Author's Note: I'll admit, this is a weird chapter today. It needs to be in here for some very important, very specific plot reasons. Granted, I probably didn't need to rant about that book I was forced to read in 6th grade that was just some guy sulking in a ditch with a broken leg. I just did that for fun because no matter how many years it's been, I still hate that book.

For a long time, that was all I thought of when I thought about anthropology. So I was quite surprised when I started looking into what anthropology says actually happened with early humans! Did you know early humans had to fight off hawk attacks on a somewhat-routine basis to save their kids?

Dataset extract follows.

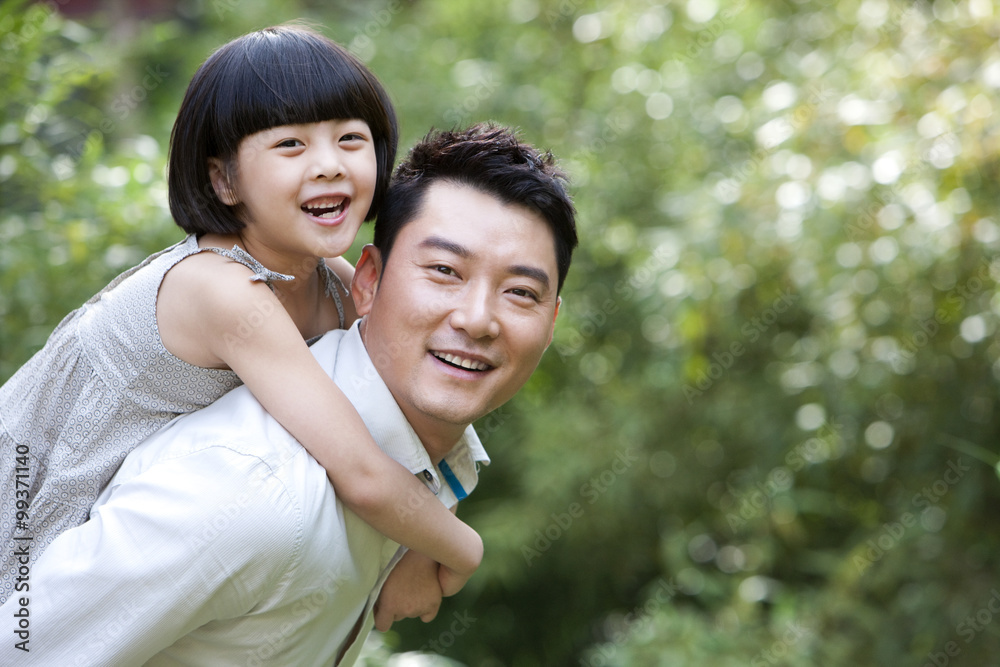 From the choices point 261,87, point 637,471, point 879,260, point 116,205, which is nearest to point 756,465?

I cannot express to you how much cooler that 6th grade book would have been if it had been about hawk attacks.

Seo has a very optimistic outlook on early humans. The reality was probably not this nice. Still, this is definitely how Seo would see it.

So enjoy the somewhat relaxed chapter. Next chapter we hit the ground running again.


After the last world, filled with smoke and fire and screaming and war, Seo and Yimi found the silence of this new world almost oppressive. Maybe even ominous.

"There isn't even the buzz of an insect," Yimi said, looking around herself. "And all the trees look so old." She looked back at Seo. "What happened, here?"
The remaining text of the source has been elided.